## What this task involves
Here are some records. Repeat them all exactly.

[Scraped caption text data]
- - -

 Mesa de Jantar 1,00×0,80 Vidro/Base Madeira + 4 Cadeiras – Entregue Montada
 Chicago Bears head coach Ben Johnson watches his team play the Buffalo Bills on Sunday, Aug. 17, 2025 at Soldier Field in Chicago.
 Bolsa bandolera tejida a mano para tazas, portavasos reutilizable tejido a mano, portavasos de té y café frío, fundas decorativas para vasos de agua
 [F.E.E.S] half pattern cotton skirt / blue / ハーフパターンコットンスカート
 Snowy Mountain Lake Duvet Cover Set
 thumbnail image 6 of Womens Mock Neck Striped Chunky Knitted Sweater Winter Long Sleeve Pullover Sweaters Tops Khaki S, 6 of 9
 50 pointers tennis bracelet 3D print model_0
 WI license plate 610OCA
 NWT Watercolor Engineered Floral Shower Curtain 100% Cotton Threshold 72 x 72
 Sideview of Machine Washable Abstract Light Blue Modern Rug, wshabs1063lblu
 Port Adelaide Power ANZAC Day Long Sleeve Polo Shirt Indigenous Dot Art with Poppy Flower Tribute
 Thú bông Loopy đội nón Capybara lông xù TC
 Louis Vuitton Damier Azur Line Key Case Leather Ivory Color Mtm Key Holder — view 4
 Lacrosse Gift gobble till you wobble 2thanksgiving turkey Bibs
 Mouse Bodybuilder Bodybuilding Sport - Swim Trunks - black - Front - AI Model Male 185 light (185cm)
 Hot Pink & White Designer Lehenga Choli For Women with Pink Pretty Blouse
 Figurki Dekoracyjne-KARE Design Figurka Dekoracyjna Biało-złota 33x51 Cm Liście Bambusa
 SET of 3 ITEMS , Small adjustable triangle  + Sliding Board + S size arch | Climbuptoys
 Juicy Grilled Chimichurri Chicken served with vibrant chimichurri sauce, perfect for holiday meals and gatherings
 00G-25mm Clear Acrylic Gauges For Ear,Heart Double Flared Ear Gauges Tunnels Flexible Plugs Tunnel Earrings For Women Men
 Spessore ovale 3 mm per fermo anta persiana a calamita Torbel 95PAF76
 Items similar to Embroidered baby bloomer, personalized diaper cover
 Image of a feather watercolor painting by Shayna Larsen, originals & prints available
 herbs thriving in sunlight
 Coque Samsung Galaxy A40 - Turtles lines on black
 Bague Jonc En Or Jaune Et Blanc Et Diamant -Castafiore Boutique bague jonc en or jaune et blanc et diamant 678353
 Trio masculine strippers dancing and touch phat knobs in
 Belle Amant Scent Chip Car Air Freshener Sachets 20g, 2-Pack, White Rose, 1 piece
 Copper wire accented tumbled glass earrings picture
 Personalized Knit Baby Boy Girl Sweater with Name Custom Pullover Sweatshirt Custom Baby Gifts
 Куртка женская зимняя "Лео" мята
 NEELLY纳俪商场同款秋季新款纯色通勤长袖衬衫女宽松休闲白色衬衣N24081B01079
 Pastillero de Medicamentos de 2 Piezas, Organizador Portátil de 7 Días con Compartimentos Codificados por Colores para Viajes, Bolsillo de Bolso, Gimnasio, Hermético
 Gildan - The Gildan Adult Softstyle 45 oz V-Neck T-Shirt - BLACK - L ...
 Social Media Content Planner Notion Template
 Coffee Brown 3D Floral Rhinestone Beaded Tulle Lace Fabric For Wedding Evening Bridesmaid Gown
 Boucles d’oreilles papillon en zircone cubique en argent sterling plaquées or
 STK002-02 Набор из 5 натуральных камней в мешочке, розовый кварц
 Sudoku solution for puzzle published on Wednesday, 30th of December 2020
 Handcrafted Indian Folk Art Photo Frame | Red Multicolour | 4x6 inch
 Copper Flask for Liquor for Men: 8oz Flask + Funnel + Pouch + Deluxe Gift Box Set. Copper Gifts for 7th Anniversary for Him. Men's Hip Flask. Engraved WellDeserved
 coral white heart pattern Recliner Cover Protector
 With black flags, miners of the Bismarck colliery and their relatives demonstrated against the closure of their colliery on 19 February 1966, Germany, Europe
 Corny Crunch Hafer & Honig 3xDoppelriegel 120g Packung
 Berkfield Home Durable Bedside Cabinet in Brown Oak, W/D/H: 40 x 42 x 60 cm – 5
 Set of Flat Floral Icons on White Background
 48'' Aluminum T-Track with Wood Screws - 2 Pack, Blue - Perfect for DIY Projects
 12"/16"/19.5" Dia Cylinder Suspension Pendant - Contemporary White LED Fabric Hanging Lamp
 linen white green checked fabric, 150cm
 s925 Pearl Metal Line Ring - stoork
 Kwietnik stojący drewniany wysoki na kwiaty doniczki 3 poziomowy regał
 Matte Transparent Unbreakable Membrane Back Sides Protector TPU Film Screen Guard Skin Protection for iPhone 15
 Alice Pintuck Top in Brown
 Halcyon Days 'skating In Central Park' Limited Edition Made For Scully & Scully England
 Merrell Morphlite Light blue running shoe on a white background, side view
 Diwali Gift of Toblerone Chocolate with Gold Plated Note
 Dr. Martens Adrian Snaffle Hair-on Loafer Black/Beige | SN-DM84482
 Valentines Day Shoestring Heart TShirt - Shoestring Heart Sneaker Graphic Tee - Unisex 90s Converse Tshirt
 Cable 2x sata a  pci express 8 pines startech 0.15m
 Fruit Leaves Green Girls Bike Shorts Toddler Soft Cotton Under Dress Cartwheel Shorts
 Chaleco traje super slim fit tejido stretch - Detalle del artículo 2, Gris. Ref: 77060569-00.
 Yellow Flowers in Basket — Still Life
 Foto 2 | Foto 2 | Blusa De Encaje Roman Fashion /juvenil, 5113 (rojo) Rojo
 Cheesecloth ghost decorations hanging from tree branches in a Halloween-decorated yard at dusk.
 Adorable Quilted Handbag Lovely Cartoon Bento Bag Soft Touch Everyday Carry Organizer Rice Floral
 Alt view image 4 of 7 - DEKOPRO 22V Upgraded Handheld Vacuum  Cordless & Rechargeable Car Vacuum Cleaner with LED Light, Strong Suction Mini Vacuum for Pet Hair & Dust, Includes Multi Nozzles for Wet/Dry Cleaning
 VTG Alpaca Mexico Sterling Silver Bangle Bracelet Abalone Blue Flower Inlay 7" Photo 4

- - -

## Response area
 Mesa de Jantar 1,00×0,80 Vidro/Base Madeira + 4 Cadeiras – Entregue Montada
 Chicago Bears head coach Ben Johnson watches his team play the Buffalo Bills on Sunday, Aug. 17, 2025 at Soldier Field in Chicago.
 Bolsa bandolera tejida a mano para tazas, portavasos reutilizable tejido a mano, portavasos de té y café frío, fundas decorativas para vasos de agua
 [F.E.E.S] half pattern cotton skirt / blue / ハーフパターンコットンスカート
 Snowy Mountain Lake Duvet Cover Set
 thumbnail image 6 of Womens Mock Neck Striped Chunky Knitted Sweater Winter Long Sleeve Pullover Sweaters Tops Khaki S, 6 of 9
 50 pointers tennis bracelet 3D print model_0
 WI license plate 610OCA
 NWT Watercolor Engineered Floral Shower Curtain 100% Cotton Threshold 72 x 72
 Sideview of Machine Washable Abstract Light Blue Modern Rug, wshabs1063lblu
 Port Adelaide Power ANZAC Day Long Sleeve Polo Shirt Indigenous Dot Art with Poppy Flower Tribute
 Thú bông Loopy đội nón Capybara lông xù TC
 Louis Vuitton Damier Azur Line Key Case Leather Ivory Color Mtm Key Holder — view 4
 Lacrosse Gift gobble till you wobble 2thanksgiving turkey Bibs
 Mouse Bodybuilder Bodybuilding Sport - Swim Trunks - black - Front - AI Model Male 185 light (185cm)
 Hot Pink & White Designer Lehenga Choli For Women with Pink Pretty Blouse
 Figurki Dekoracyjne-KARE Design Figurka Dekoracyjna Biało-złota 33x51 Cm Liście Bambusa
 SET of 3 ITEMS , Small adjustable triangle  + Sliding Board + S size arch | Climbuptoys
 Juicy Grilled Chimichurri Chicken served with vibrant chimichurri sauce, perfect for holiday meals and gatherings
 00G-25mm Clear Acrylic Gauges For Ear,Heart Double Flared Ear Gauges Tunnels Flexible Plugs Tunnel Earrings For Women Men
 Spessore ovale 3 mm per fermo anta persiana a calamita Torbel 95PAF76
 Items similar to Embroidered baby bloomer, personalized diaper cover
 Image of a feather watercolor painting by Shayna Larsen, originals & prints available
 herbs thriving in sunlight
 Coque Samsung Galaxy A40 - Turtles lines on black
 Bague Jonc En Or Jaune Et Blanc Et Diamant -Castafiore Boutique bague jonc en or jaune et blanc et diamant 678353
 Trio masculine strippers dancing and touch phat knobs in
 Belle Amant Scent Chip Car Air Freshener Sachets 20g, 2-Pack, White Rose, 1 piece
 Copper wire accented tumbled glass earrings picture
 Personalized Knit Baby Boy Girl Sweater with Name Custom Pullover Sweatshirt Custom Baby Gifts
 Куртка женская зимняя "Лео" мята
 NEELLY纳俪商场同款秋季新款纯色通勤长袖衬衫女宽松休闲白色衬衣N24081B01079
 Pastillero de Medicamentos de 2 Piezas, Organizador Portátil de 7 Días con Compartimentos Codificados por Colores para Viajes, Bolsillo de Bolso, Gimnasio, Hermético
 Gildan - The Gildan Adult Softstyle 45 oz V-Neck T-Shirt - BLACK - L ...
 Social Media Content Planner Notion Template
 Coffee Brown 3D Floral Rhinestone Beaded Tulle Lace Fabric For Wedding Evening Bridesmaid Gown
 Boucles d’oreilles papillon en zircone cubique en argent sterling plaquées or
 STK002-02 Набор из 5 натуральных камней в мешочке, розовый кварц
 Sudoku solution for puzzle published on Wednesday, 30th of December 2020
 Handcrafted Indian Folk Art Photo Frame | Red Multicolour | 4x6 inch
 Copper Flask for Liquor for Men: 8oz Flask + Funnel + Pouch + Deluxe Gift Box Set. Copper Gifts for 7th Anniversary for Him. Men's Hip Flask. Engraved WellDeserved
 coral white heart pattern Recliner Cover Protector
 With black flags, miners of the Bismarck colliery and their relatives demonstrated against the closure of their colliery on 19 February 1966, Germany, Europe
 Corny Crunch Hafer & Honig 3xDoppelriegel 120g Packung
 Berkfield Home Durable Bedside Cabinet in Brown Oak, W/D/H: 40 x 42 x 60 cm – 5
 Set of Flat Floral Icons on White Background
 48'' Aluminum T-Track with Wood Screws - 2 Pack, Blue - Perfect for DIY Projects
 12"/16"/19.5" Dia Cylinder Suspension Pendant - Contemporary White LED Fabric Hanging Lamp
 linen white green checked fabric, 150cm
 s925 Pearl Metal Line Ring - stoork
 Kwietnik stojący drewniany wysoki na kwiaty doniczki 3 poziomowy regał
 Matte Transparent Unbreakable Membrane Back Sides Protector TPU Film Screen Guard Skin Protection for iPhone 15
 Alice Pintuck Top in Brown
 Halcyon Days 'skating In Central Park' Limited Edition Made For Scully & Scully England
 Merrell Morphlite Light blue running shoe on a white background, side view
 Diwali Gift of Toblerone Chocolate with Gold Plated Note
 Dr. Martens Adrian Snaffle Hair-on Loafer Black/Beige | SN-DM84482
 Valentines Day Shoestring Heart TShirt - Shoestring Heart Sneaker Graphic Tee - Unisex 90s Converse Tshirt
 Cable 2x sata a  pci express 8 pines startech 0.15m
 Fruit Leaves Green Girls Bike Shorts Toddler Soft Cotton Under Dress Cartwheel Shorts
 Chaleco traje super slim fit tejido stretch - Detalle del artículo 2, Gris. Ref: 77060569-00.
 Yellow Flowers in Basket — Still Life
 Foto 2 | Foto 2 | Blusa De Encaje Roman Fashion /juvenil, 5113 (rojo) Rojo
 Cheesecloth ghost decorations hanging from tree branches in a Halloween-decorated yard at dusk.
 Adorable Quilted Handbag Lovely Cartoon Bento Bag Soft Touch Everyday Carry Organizer Rice Floral
 Alt view image 4 of 7 - DEKOPRO 22V Upgraded Handheld Vacuum  Cordless & Rechargeable Car Vacuum Cleaner with LED Light, Strong Suction Mini Vacuum for Pet Hair & Dust, Includes Multi Nozzles for Wet/Dry Cleaning
 VTG Alpaca Mexico Sterling Silver Bangle Bracelet Abalone Blue Flower Inlay 7" Photo 4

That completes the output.